Navigation

Popular Vote is a Popular Choice for Bay State

By Christian Smith-Socaris
Published in the Worcester Business Journal
Monday, August 18, 2008

In this year's presidential primary, 1.7 million Massachusetts voters cast a ballot. That's over a million more than the number that voted in the 2004 primary. Such an increase in turnout is unprecedented in the state, and similar increases took place in states throughout the country. What made for such a jaw-dropping surge in democratic participation? The answer is simple: people in every state felt their voice mattered. Wouldn't it be great if Massachusetts voters felt that way in November as well?

Sadly, they won’t because we live in a country with an electoral process that ignores Massachusetts and its voter turnout, and instead delegates the selection of the President to the voters who turn out in just one or two so-called "battleground" states. Massachusetts is just a "spectator" state, which is why you won't see any presidential candidates campaigning here anytime soon.

Fortunately, there is a movement to change the outdated way we elect the president and replace it with a straightforward national popular vote in which every vote counts and can equally affect the outcome of the election. By leveraging the constitutionally-mandated control states have over the allocation of their votes in the Electoral College, forward thinking legislators are championing an interstate compact that would give each state’s electoral votes to the winner of the national popular vote. If they succeed, we would finally have a system in which every vote mattered and no state could be ignored. Every presidential election would look like the recent primary. This would be good for Massachusetts and good for democracy.

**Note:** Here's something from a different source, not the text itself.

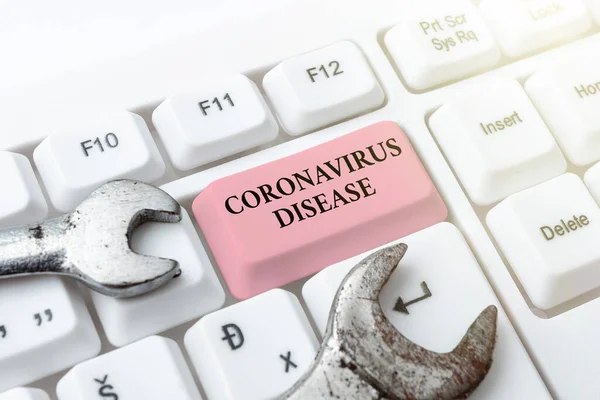 Написание текста Coronavirus Disease. Понятие означает заболевание, вызванное новым вирусом SARSCoV2 Создание нового руководства по программированию, напечатание исходных кодов программы — стоковое фото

With a national popular vote, attacks on the federal funding of teaching hospitals would become politically risky; energy policy would not be distorted to benefit farmers in Iowa; and Massachusetts taxpayers might stand a chance of getting a respectable percentage of their tax money back from Washington.

This year, Massachusetts lawmakers had the opportunity to assume a national leadership role by joining Hawaii, Maryland, New Jersey and Illinois as the fifth state to pass the interstate compact. Sadly, that opportunity was not realized. Most of the blame falls to Republicans legislators who utilized procedural ploys to prevent the bill’s enactment even after it had passed both houses. Instead of representing the interests of their state, they decided to rubber stamp the dysfunctional status quo and to consign the state’s tradition of bold leadership to the history books. However, some blame must also be laid at the feet of lawmakers in the Democratic majority, who waited until the end of the legislative session to move the bill to a final vote, at which it became an easy target for its opponents.

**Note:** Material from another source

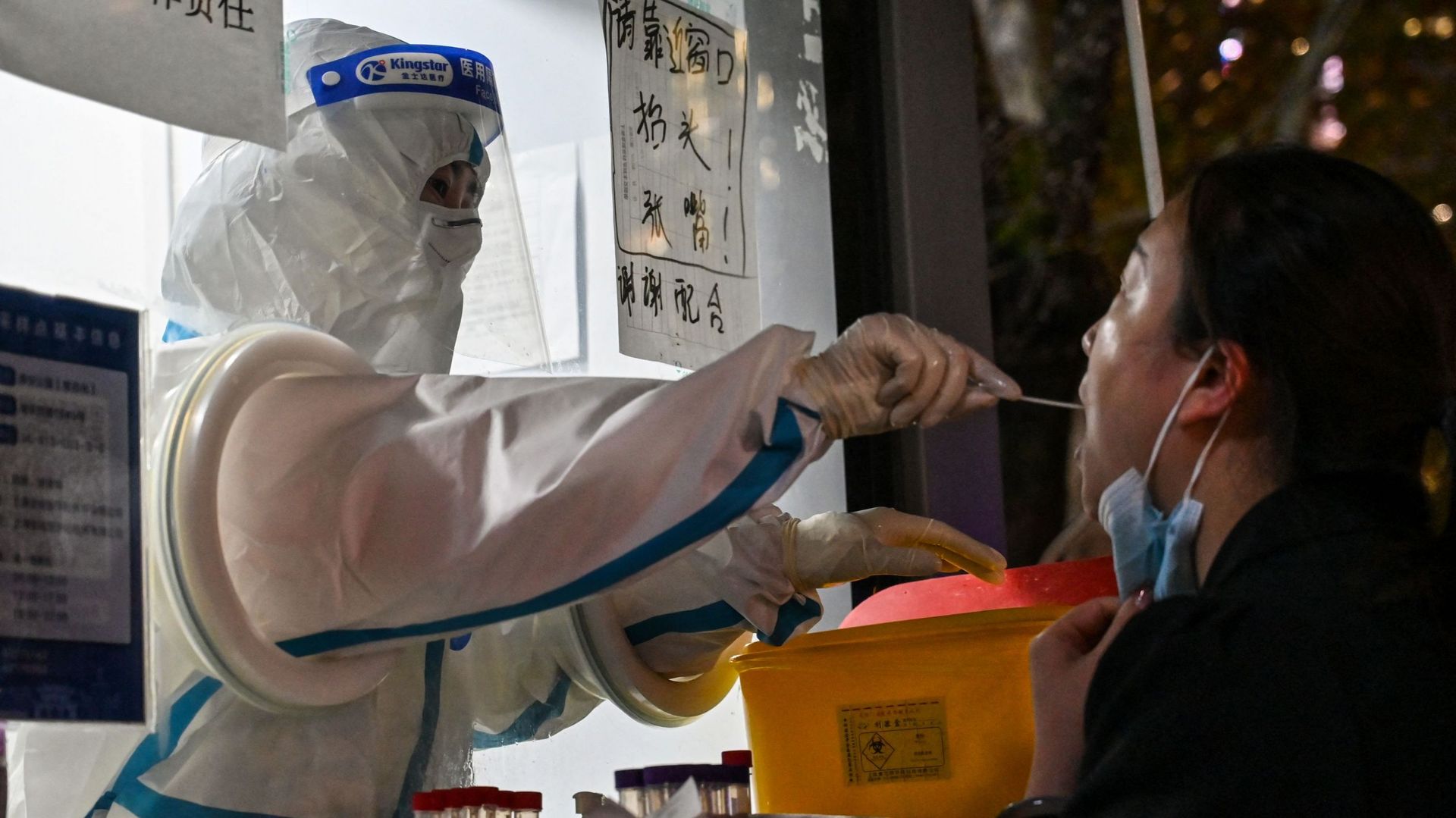 Un agent de santé prélève un échantillon sur une femme pour tester le coronavirus Covid-19 dans le quartier de Jing’an à Shanghai, le 28 novembre 2022. Des centaines de personnes sont descendues dans les rues des grandes villes chinoises dans un rare élan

Clearly, the extra million Bay Staters who came out to vote in February understand how badly we need a presidential election in which everyone can be an active part. Hopefully, as those voters are once more ignored during the general election, they will let their lawmakers know that the time has come to let the voices of Massachusetts voters be heard.

Christian Smith-Socaris is the Senior Election Reform Policy Specialist with the Progressive States Network, a national organization that works to implement policies to advance the interests of working families in all 50 states.